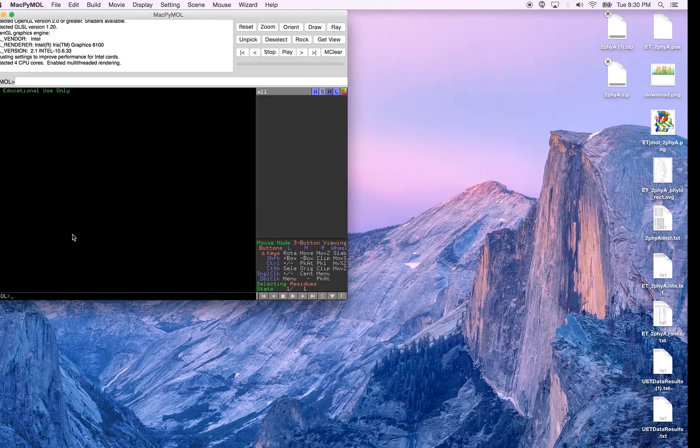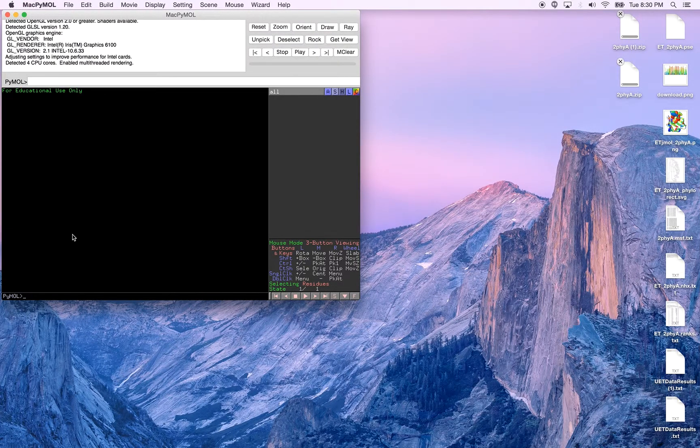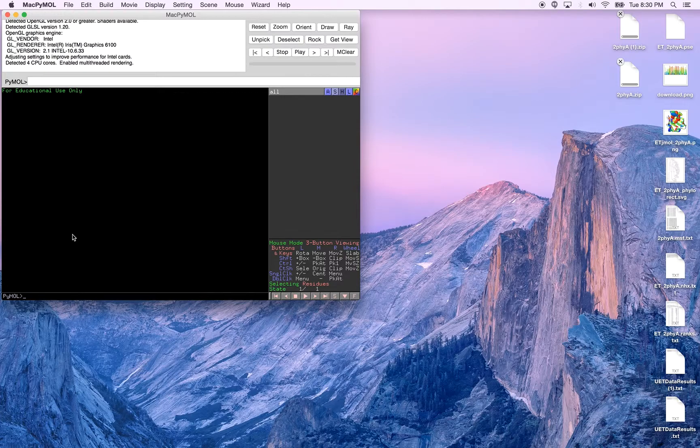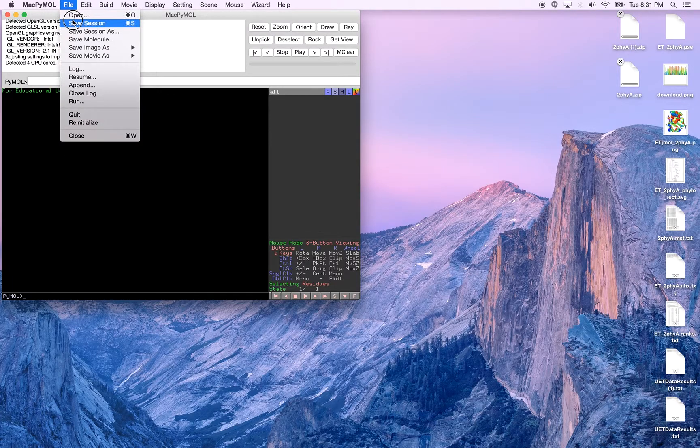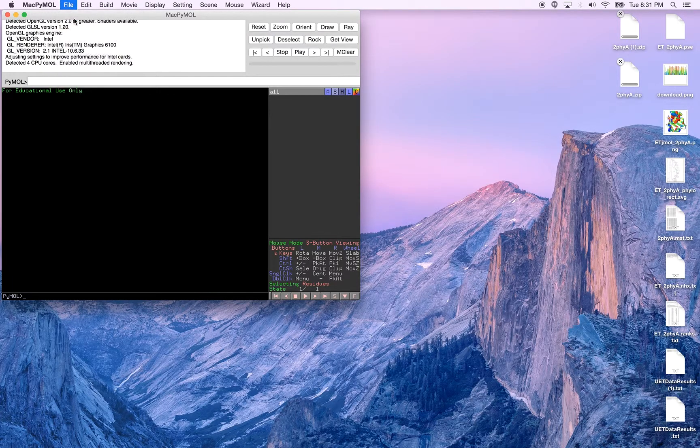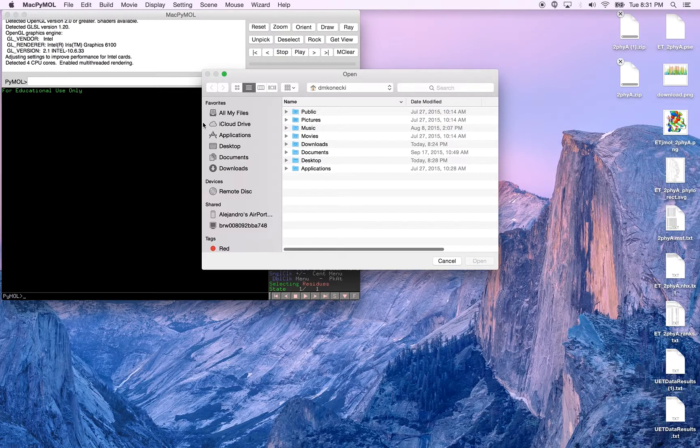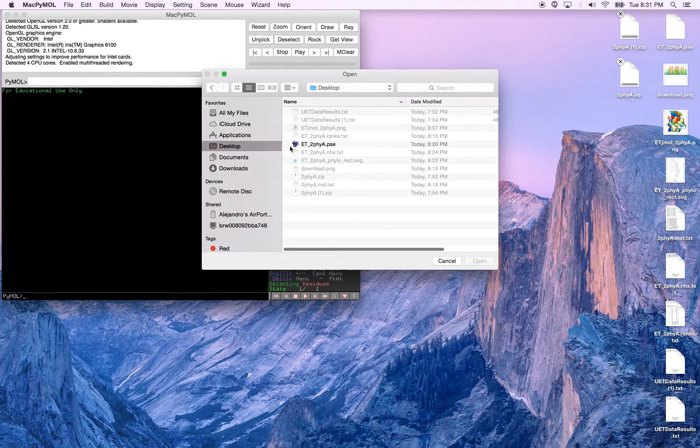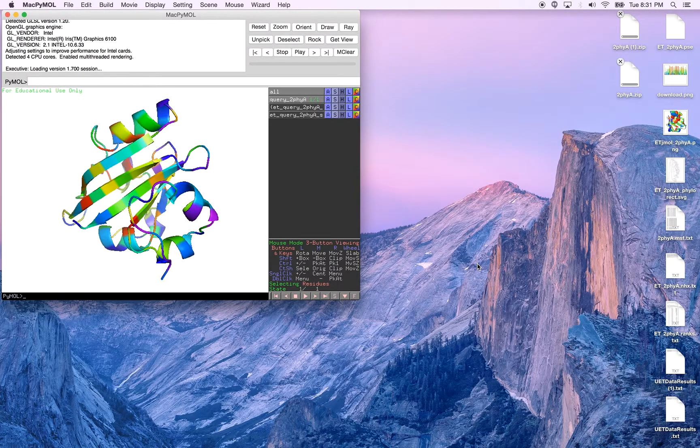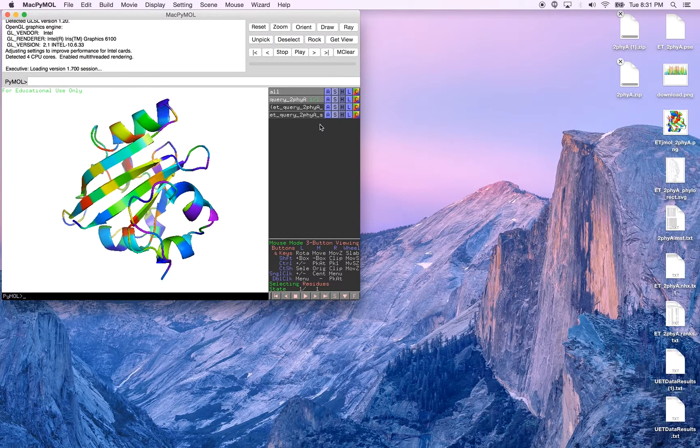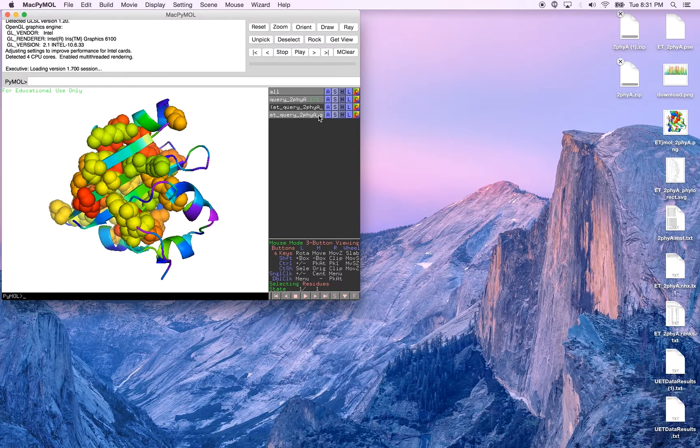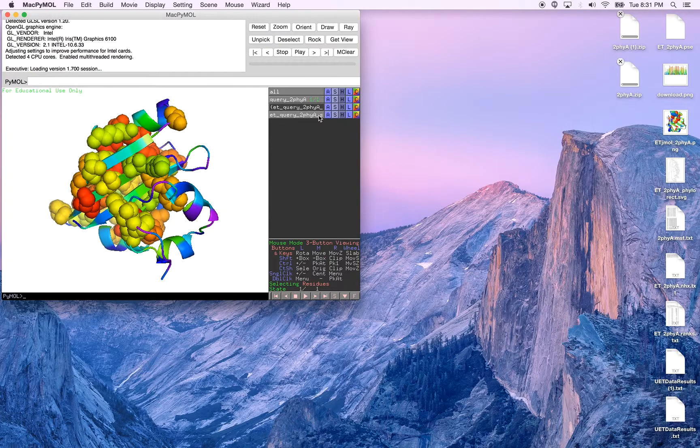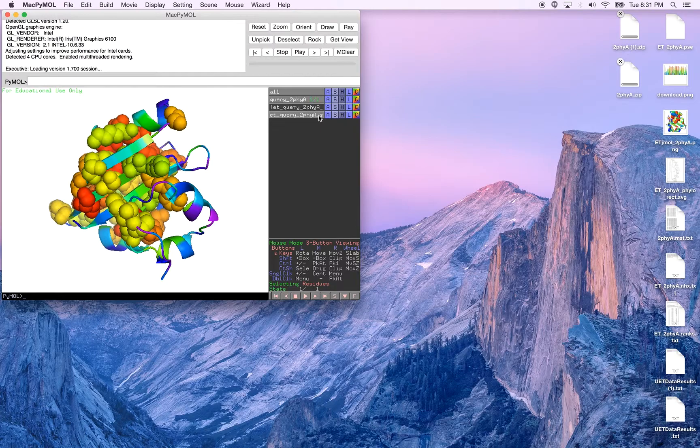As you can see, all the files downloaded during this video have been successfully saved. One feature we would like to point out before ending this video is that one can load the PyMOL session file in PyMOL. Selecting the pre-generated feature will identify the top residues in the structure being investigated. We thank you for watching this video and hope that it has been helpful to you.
☆ ☆ ☆ ☆ ☆ ☆ ☆
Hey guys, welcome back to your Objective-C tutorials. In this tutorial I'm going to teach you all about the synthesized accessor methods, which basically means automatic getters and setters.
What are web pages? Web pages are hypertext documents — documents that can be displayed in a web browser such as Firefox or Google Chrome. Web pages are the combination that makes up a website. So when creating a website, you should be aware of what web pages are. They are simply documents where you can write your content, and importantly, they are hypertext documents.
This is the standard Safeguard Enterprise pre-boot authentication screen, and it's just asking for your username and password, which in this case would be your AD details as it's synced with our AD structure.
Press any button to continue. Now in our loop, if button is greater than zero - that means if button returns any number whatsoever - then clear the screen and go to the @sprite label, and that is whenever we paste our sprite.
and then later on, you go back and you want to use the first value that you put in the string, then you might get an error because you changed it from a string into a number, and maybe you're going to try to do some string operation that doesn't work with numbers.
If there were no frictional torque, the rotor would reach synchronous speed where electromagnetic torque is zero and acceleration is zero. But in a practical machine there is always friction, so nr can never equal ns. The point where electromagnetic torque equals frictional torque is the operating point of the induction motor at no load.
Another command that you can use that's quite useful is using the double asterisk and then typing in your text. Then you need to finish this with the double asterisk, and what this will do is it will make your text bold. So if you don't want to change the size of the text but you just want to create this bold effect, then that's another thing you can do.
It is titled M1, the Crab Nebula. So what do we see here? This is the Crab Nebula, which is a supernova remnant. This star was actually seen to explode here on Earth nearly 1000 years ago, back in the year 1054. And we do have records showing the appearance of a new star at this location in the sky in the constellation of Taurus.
☆ ☆ ☆ ☆ ☆ ☆ ☆
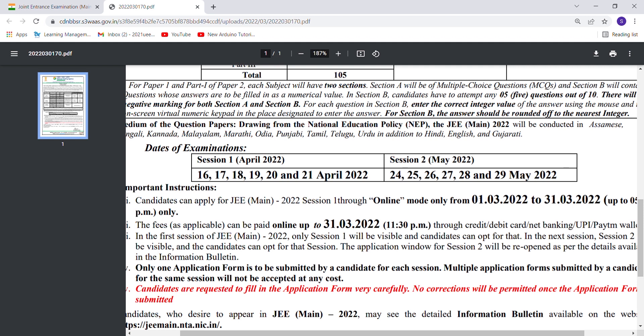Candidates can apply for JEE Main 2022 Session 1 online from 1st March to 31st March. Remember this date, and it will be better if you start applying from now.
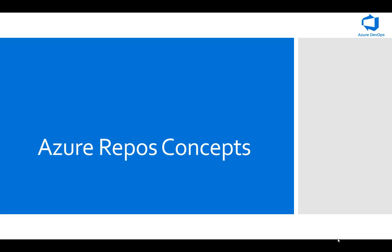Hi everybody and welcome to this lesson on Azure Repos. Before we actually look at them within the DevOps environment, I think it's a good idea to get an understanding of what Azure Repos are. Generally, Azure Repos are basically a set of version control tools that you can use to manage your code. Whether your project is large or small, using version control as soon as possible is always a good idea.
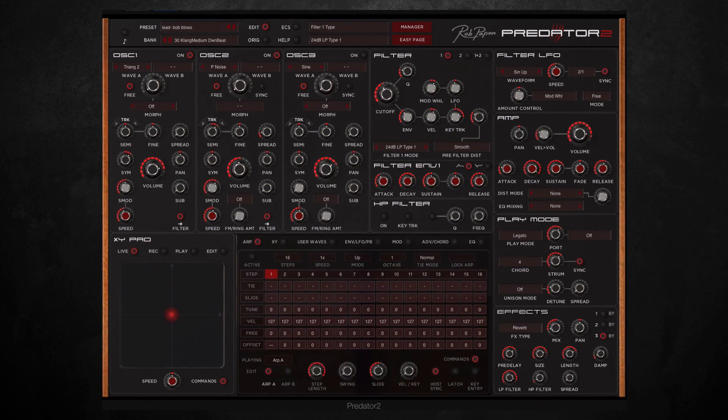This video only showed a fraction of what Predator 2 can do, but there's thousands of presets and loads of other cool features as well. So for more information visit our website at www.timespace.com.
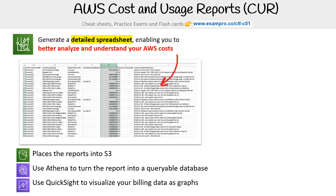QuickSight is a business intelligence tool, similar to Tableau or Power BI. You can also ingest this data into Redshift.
☆ ☆ ☆ ☆ ☆ ☆ ☆
PROBLEM REQUIREMENTS >> Could you repeat exactly the lines in the listing above from the one with "If there were" down to the one with "It is titled"? Include both of those lines.

RESPONSE TO THIS EXERCISE >>
If there were no frictional torque, the rotor would reach synchronous speed where electromagnetic torque is zero and acceleration is zero. But in a practical machine there is always friction, so nr can never equal ns. The point where electromagnetic torque equals frictional torque is the operating point of the induction motor at no load.
Another command that you can use that's quite useful is using the double asterisk and then typing in your text. Then you need to finish this with the double asterisk, and what this will do is it will make your text bold. So if you don't want to change the size of the text but you just want to create this bold effect, then that's another thing you can do.
It is titled M1, the Crab Nebula. So what do we see here? This is the Crab Nebula, which is a supernova remnant. This star was actually seen to explode here on Earth nearly 1000 years ago, back in the year 1054. And we do have records showing the appearance of a new star at this location in the sky in the constellation of Taurus.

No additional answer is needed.